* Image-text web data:
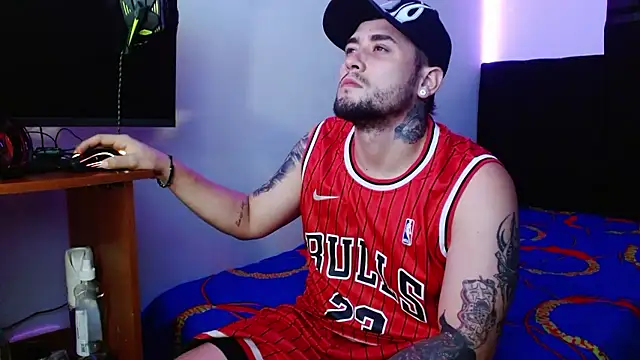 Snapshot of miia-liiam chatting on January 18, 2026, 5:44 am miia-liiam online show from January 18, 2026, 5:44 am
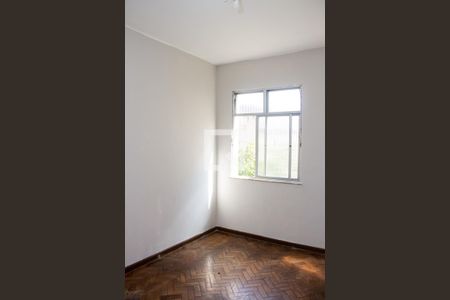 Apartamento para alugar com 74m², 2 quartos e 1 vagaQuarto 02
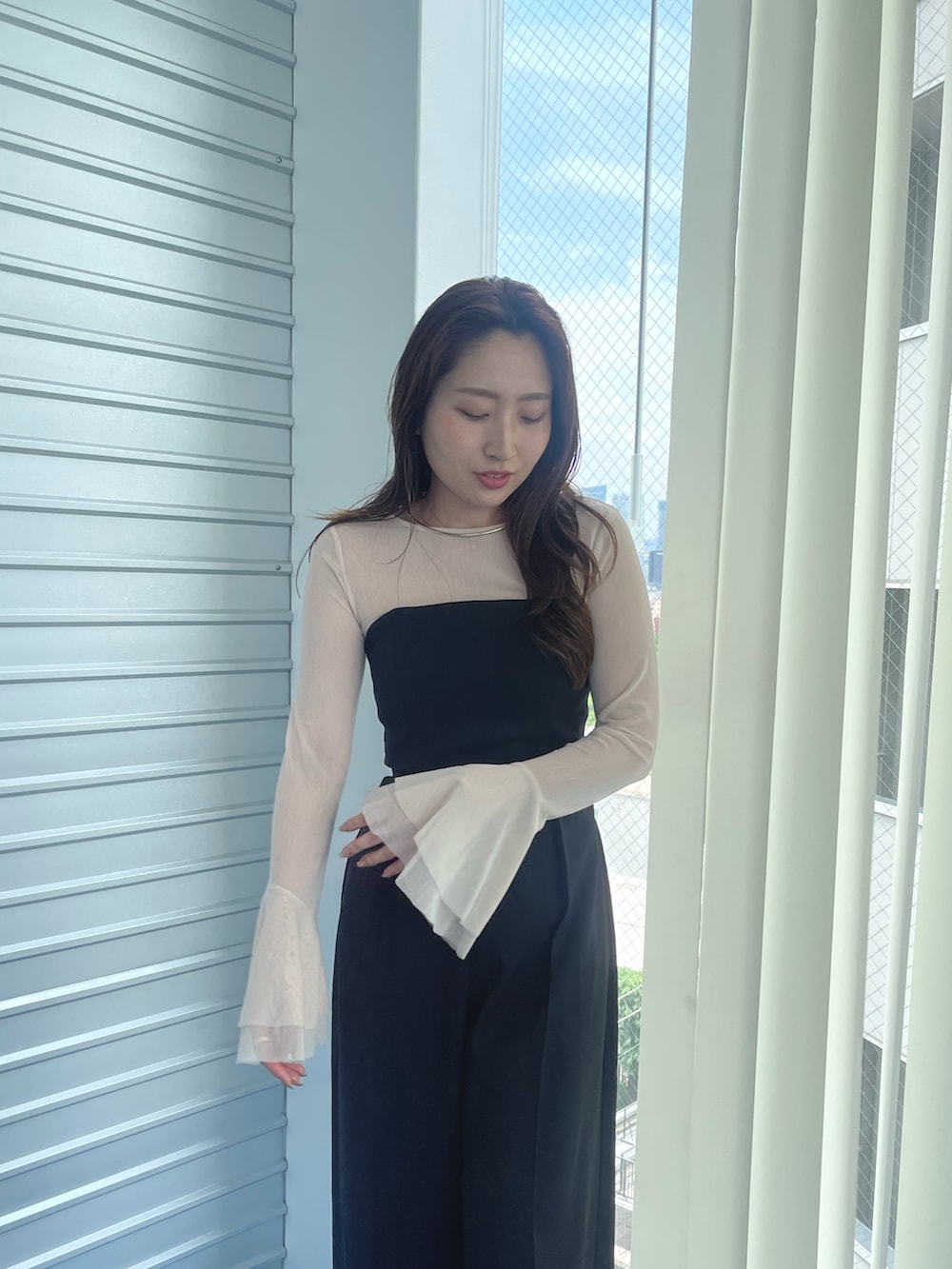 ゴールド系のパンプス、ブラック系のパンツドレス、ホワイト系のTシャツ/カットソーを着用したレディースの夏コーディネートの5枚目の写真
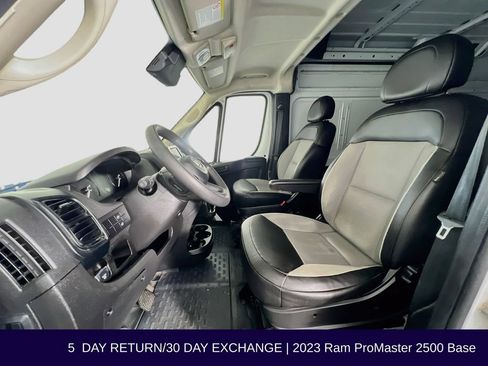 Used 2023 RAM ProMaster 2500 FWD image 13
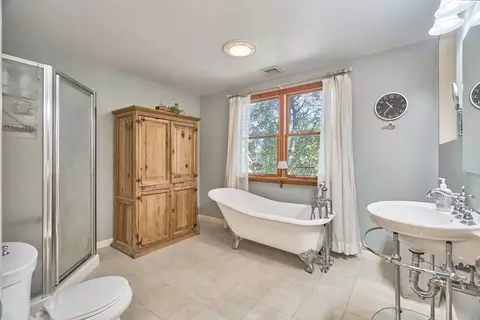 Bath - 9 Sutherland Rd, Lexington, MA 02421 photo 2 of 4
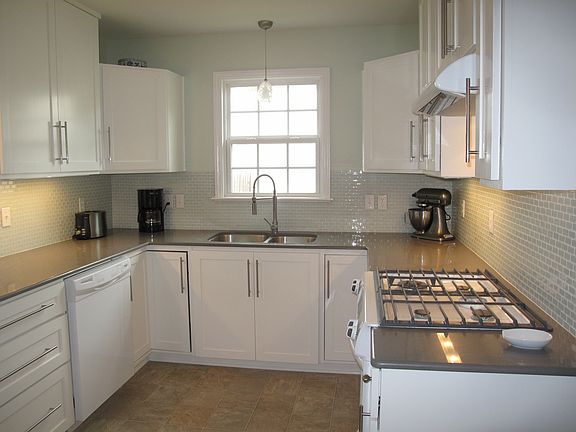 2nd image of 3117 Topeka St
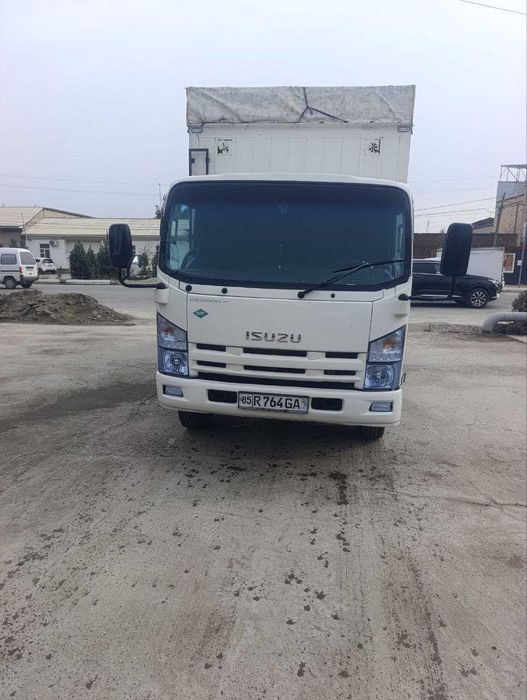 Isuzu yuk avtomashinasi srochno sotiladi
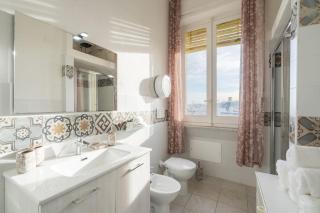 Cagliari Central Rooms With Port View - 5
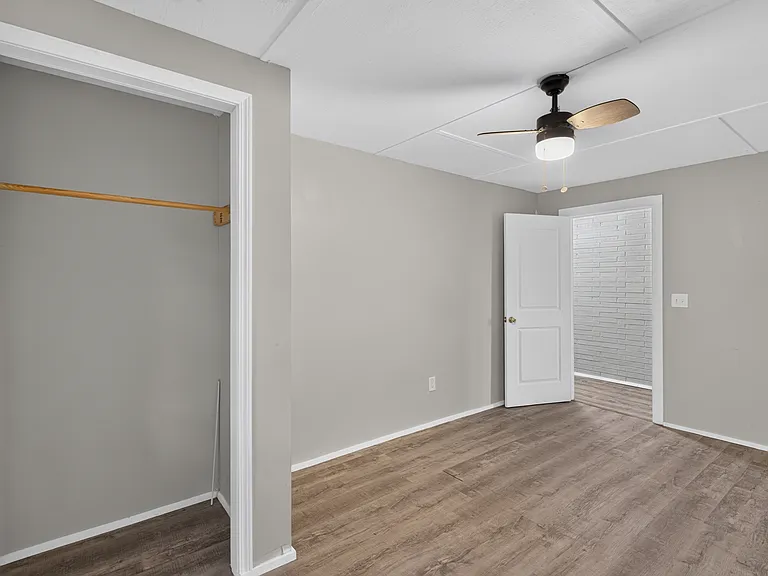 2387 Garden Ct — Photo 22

* Task statement:
Copy out every entry above exactly. Leave the pictures out.

* Reply:
 Snapshot of miia-liiam chatting on January 18, 2026, 5:44 am miia-liiam online show from January 18, 2026, 5:44 am
 Apartamento para alugar com 74m², 2 quartos e 1 vagaQuarto 02
 ゴールド系のパンプス、ブラック系のパンツドレス、ホワイト系のTシャツ/カットソーを着用したレディースの夏コーディネートの5枚目の写真
 Used 2023 RAM ProMaster 2500 FWD image 13
 Bath - 9 Sutherland Rd, Lexington, MA 02421 photo 2 of 4
 2nd image of 3117 Topeka St
 Isuzu yuk avtomashinasi srochno sotiladi
 Cagliari Central Rooms With Port View - 5
 2387 Garden Ct — Photo 22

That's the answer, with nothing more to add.